**Work order**
The result should be a full, exact repeat of the entries, free of pictures.
▼
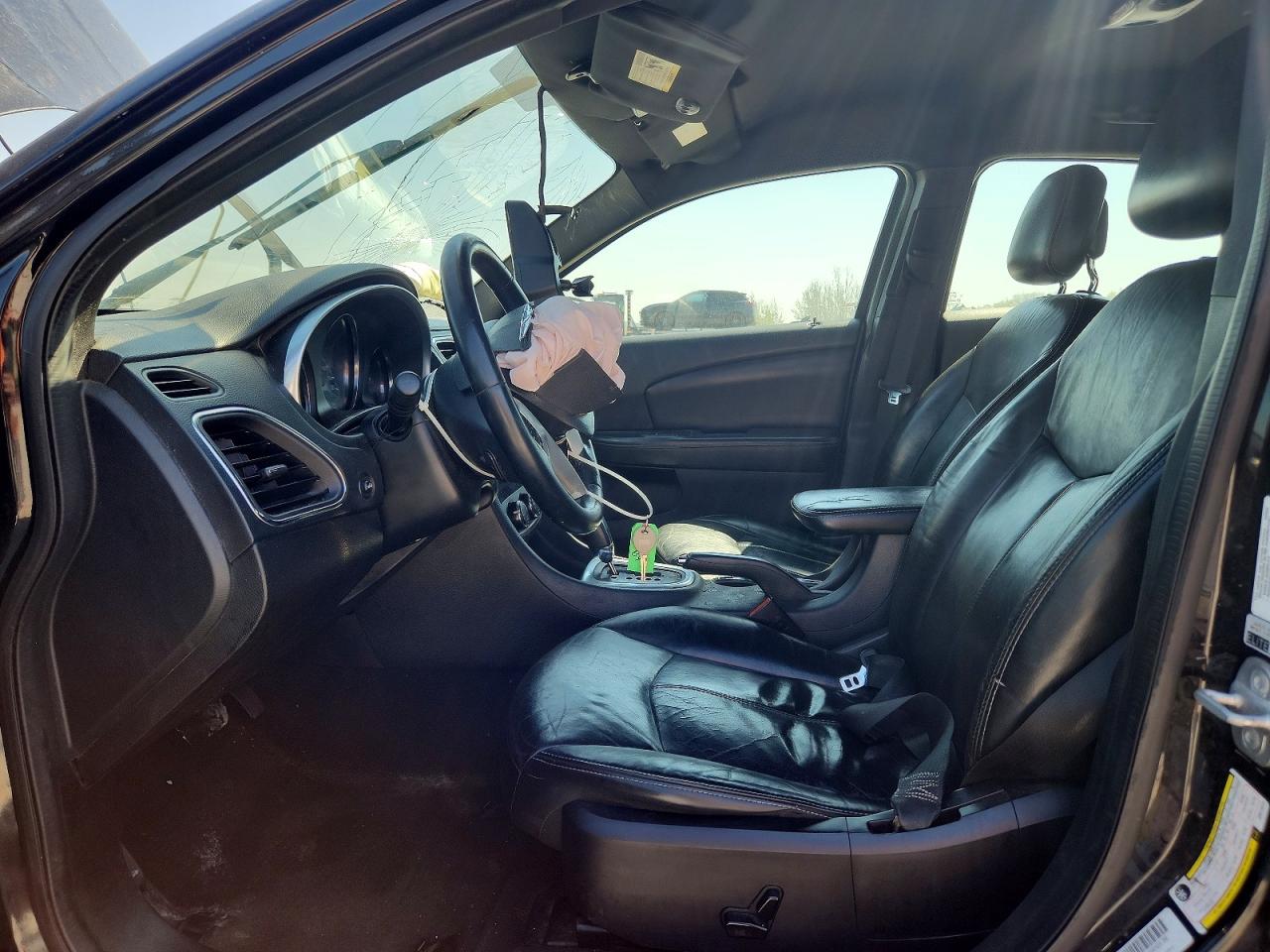 2013 CHRYSLER 200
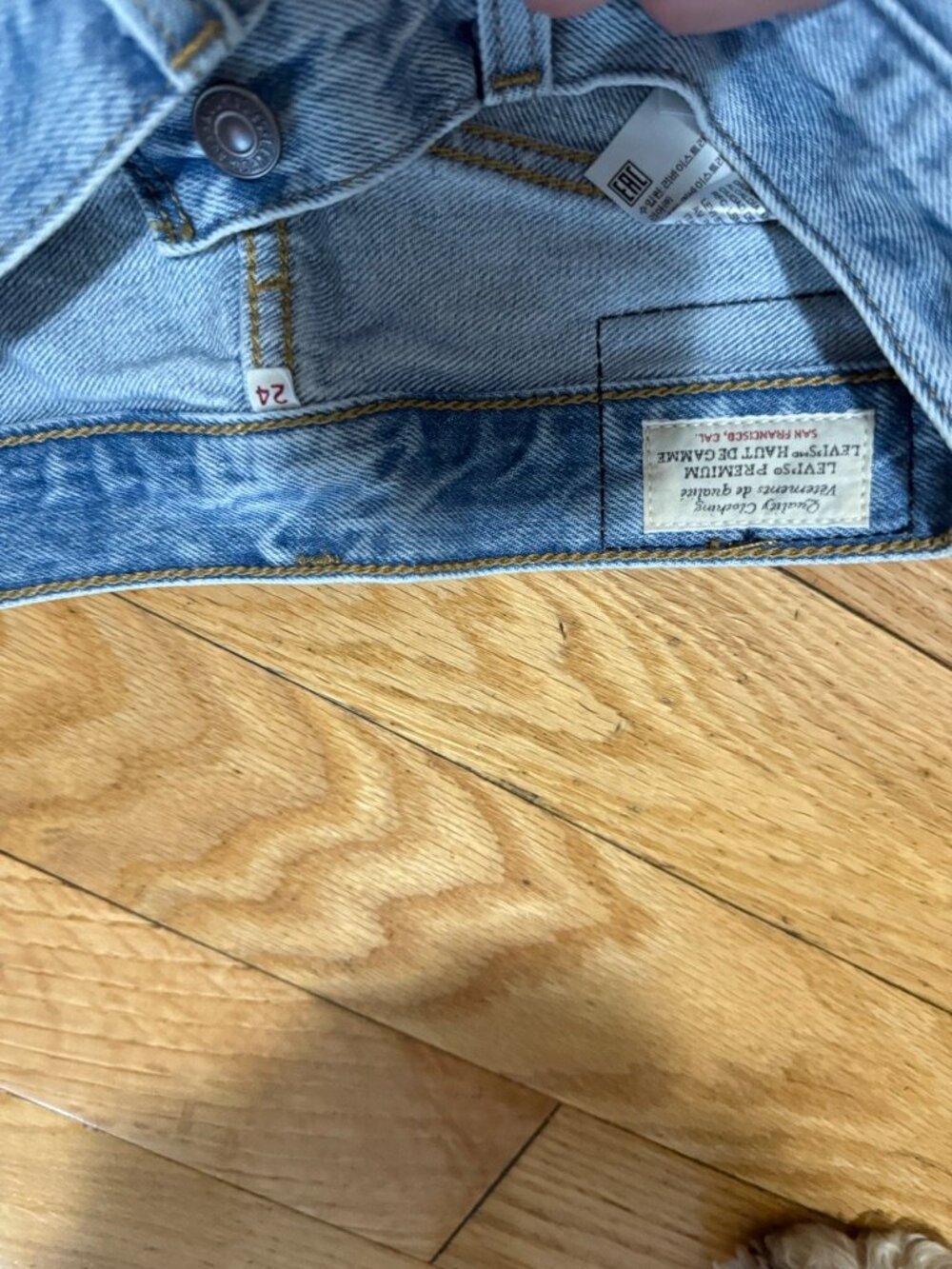 Levi's Baggy Wide Leg Jeans Light Wash High Rise 24 x 30 Size: 24 x 30 (tagged - Picture 4 of 8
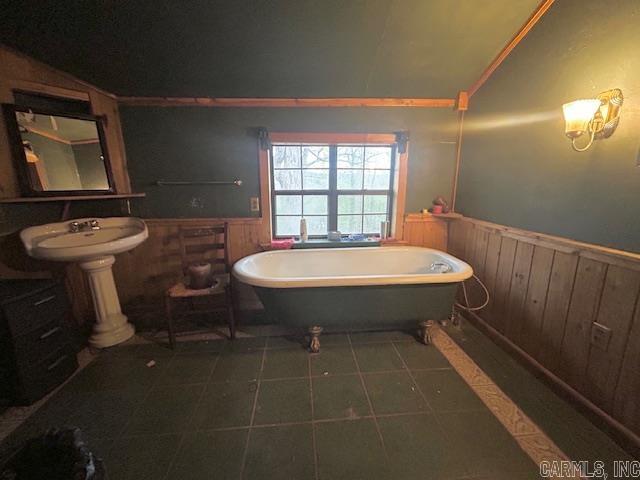 397 Fox Hollow Road Property Photo 14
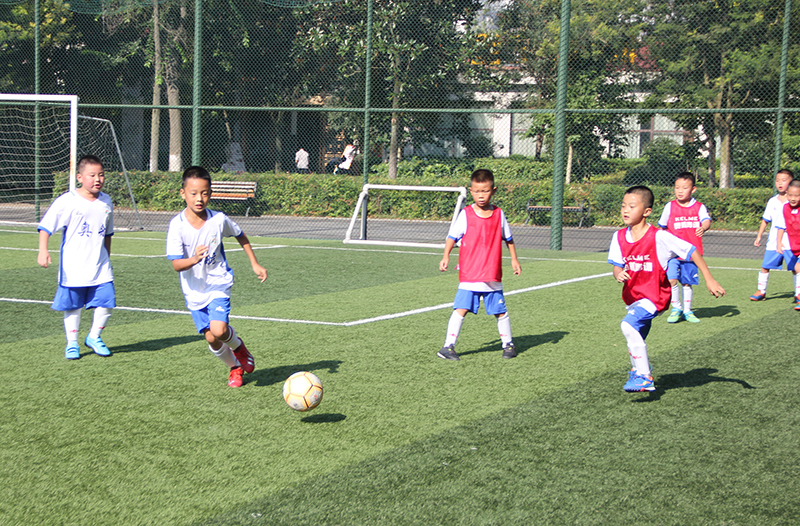 巴萨足球夏令营2017,巴萨2017足球夏令营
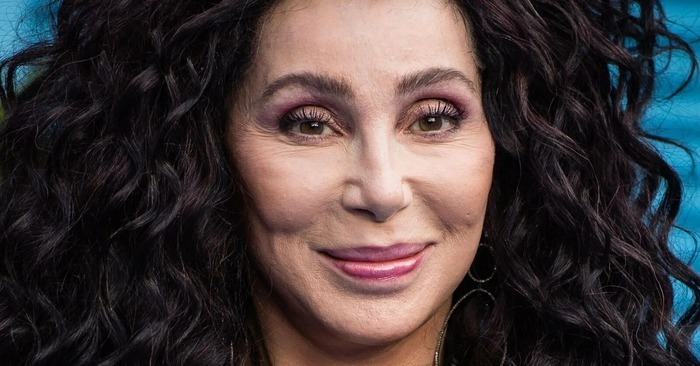 “Cher sans soutien-gorge dans des vêtements mouillés”: Les nouvelles photos scandaleuses de Cher ont été une grande déception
▲
**Solution to this task**
 2013 CHRYSLER 200
 Levi's Baggy Wide Leg Jeans Light Wash High Rise 24 x 30 Size: 24 x 30 (tagged - Picture 4 of 8
 397 Fox Hollow Road Property Photo 14
 巴萨足球夏令营2017,巴萨2017足球夏令营
 “Cher sans soutien-gorge dans des vêtements mouillés”: Les nouvelles photos scandaleuses de Cher ont été une grande déception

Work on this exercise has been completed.